Casi dos tercios de nuestras exportaciones se dirigen a la Unión Europea. Las empresas de estos países tienen mucho mejor posicionada su tecnología en cuanto a protección se refiere.
Alemania presenta ante la EPO (Oficina Europea de Patentes) más de 27.000 solicitudes al año, Francia más de 9.500, Suiza más de 6.700, Holanda 6.000, Reino Unido más de 5.400, Italia más de 4.000 y España no llega a las 1.500. En número de patentes nacionales por millón de habitantes España está por debajo de 73, mientras que Estados Unidos supera las 800, Alemania 581, Reino Unido 284 e Italia 155.
Lo mismo podemos decir de patentes solicitadas ante la USPTO (Oficina norteamericana de patentes) donde en 2010 Japón presentó casi 45.000, Alemania más de 12.000, Francia 4.450, Italia 1.789. Sin embargo España 414.

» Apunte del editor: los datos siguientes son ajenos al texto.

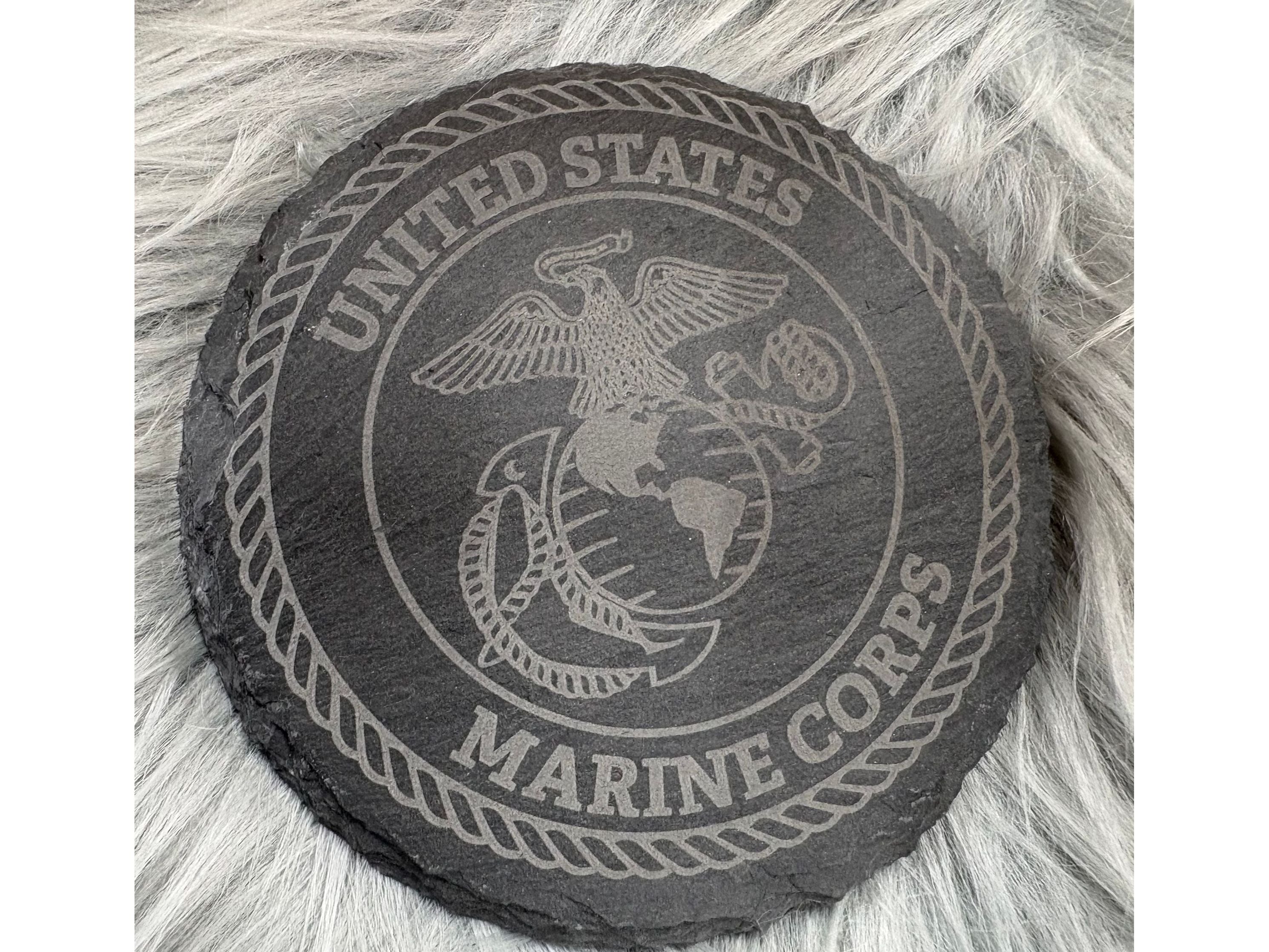 Handmade USMC Whiskey Glass Box Set with Laser Engraved Slate Coaster | Marine Corps Gift | 5x5x4.5 Inches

Por otra parte no nos cansamos de decir que China es un mar de oportunidades y que es preciso estar allí. Pues bien, en 2011 Alemania presentó en China 11.422 patentes, Francia casi 4.000, Holanda 3.000, Reino Unido 1.876, Italia 1.245 mientras que España solo 592.
Si nos fijamos en patentes PCT (Patent Cooperation Treaty), en 2011 Alemania presentó más de 18.000, Francia más de 7.600, Reino Unido casi 5.000, Italia 2.671 y España 1.725.
Quiere todo ello decir que tenemos un déficit de protección de nuestro conocimiento y tecnología. En modo alguno la diferencia de actividad innovadora entre España y otros países es tan abultada; pero sí lo es en materia de su protección. Tenemos el problema de que si, por ejemplo, nuestros productos no están patentados en China pueden ser copiados allí sin reparo legal alguno.
La ausencia de protección se traduce en una falta de competitividad que lastra nuestra internacionalización y consecuentemente nuestro desarrollo económico. No utilizamos los instrumentos que otros sí manejan pues no usamos las herramientas que nos proporciona el ordenamiento jurídico a la hora de protegernos.
Ello propicia que por cada 100? que España paga por royalties ingrese solo 28. La tasa de cobertura en materia de alta tecnología es de 38 mientras que en Francia es de 115, en Alemania de 114, en Holanda de 112 y en Italia de 68.
Tras estas comparaciones podemos sacar la conclusión de que existe una relación directa entre patentamiento y desarrollo económico.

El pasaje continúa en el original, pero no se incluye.